Barış Annesi üyelerinden Raife Özbey de, Öcalan’ın sunduğu öneriler çerçevesinde bir adım atılması halinde akan kanın duracağını kaydederek, “Bugün eğer Öcalan’ın sunduğu öneriler çevresinde gidilseydi, bu kadar insan yaşamını yitirmezdi. Ancak barışın gelmesini istemeyenler sürekli kanın akmasını istedi. İmralı kapıları sonuna kadar açılsın, artık yeter. Açılsın, bu akan kan son bulsun. Bütün anneler akan kanının durması için direnişi yükseltmeli” ifadelerini kullandı.
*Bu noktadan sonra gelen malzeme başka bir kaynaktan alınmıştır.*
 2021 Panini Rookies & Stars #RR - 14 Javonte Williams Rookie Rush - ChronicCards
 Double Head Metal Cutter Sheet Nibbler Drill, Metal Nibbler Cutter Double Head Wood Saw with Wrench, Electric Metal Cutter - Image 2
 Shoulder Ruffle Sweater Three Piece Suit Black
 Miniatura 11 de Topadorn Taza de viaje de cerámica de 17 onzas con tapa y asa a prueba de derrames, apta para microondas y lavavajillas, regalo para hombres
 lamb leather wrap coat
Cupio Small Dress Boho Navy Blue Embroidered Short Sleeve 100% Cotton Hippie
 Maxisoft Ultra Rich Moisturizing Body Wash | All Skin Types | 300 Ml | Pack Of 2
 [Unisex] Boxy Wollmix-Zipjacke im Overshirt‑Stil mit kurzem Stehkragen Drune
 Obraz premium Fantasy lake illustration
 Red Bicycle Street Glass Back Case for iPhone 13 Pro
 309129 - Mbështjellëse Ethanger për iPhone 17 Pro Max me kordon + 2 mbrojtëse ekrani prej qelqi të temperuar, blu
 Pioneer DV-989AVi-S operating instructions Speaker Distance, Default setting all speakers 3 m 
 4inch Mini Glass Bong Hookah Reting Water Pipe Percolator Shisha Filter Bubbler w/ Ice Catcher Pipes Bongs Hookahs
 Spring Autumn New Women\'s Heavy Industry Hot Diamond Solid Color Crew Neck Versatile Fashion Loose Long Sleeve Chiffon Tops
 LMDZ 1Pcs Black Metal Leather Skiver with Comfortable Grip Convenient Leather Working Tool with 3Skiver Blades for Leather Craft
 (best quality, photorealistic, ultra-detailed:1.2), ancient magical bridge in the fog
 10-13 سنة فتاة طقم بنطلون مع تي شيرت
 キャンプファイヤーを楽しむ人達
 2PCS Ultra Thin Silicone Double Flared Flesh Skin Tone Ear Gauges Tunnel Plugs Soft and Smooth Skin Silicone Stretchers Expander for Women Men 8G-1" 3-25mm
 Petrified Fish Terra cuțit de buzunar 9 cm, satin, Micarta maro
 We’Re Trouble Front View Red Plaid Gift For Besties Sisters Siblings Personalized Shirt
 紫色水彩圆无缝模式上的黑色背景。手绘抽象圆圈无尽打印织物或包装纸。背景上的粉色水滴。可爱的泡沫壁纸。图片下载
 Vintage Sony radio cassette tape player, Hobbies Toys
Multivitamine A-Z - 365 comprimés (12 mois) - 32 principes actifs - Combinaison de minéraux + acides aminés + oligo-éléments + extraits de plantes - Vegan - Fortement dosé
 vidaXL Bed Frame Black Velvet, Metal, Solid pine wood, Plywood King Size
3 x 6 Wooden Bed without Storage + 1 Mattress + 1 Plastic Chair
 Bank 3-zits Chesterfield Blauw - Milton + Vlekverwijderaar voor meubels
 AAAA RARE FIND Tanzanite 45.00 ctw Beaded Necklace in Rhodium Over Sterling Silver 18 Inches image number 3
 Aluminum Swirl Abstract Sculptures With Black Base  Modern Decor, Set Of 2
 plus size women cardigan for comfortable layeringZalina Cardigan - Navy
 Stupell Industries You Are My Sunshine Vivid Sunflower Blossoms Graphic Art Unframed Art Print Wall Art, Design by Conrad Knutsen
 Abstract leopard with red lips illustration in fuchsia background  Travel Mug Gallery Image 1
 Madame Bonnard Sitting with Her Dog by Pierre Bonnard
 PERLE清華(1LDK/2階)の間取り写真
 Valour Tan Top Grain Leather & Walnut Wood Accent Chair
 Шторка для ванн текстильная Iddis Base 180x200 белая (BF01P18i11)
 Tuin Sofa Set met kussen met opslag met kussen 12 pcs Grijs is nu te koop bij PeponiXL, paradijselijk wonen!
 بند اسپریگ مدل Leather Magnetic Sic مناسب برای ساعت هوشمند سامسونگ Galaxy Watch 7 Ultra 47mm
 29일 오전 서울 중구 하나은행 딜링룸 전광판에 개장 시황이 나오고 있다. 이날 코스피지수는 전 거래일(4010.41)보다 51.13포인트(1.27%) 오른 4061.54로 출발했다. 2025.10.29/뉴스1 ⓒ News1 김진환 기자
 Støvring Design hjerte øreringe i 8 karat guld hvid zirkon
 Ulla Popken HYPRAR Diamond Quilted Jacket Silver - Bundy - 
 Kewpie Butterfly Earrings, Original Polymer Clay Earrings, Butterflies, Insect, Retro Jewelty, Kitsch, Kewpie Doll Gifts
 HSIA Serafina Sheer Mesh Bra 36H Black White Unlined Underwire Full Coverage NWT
Savaşa ne ekonominin ne de insan gücünün yettiğini kaydeden Özbey, onurlu bir barış talebinde bulundu. Federe Kürdistan Bölgesi’nde devam eden operasyon ve çatışmalara da değinen Özbey, “Annelerin gözyaşının coğrafyası yoktur. Gözyaşı her yerde gözyaşıdır.  Barzani ailesi ‘Brakujî’den vazgeçsin. Barışa odaklansın. Din iman ve vicdanları buna nasıl el veriyor? Topraklarını başka devletlere açmasınlar. Başûr’daki yönetim Irak hükümetinin duruşunu gösteremiyor mu? ‘Biz başka devletleri topraklarımızda istemiyoruz' desinler. Başûr topraklarına yapılan saldırıyı kesinlikle kabul etmiyoruz. Biz anneler olarak Başûr’a yapılan saldırıya karşın Başûr hükümetinin kapılarına dayanacağız. ‘Birakujî’nin önünde set olmaya hazırız” diye konuştu.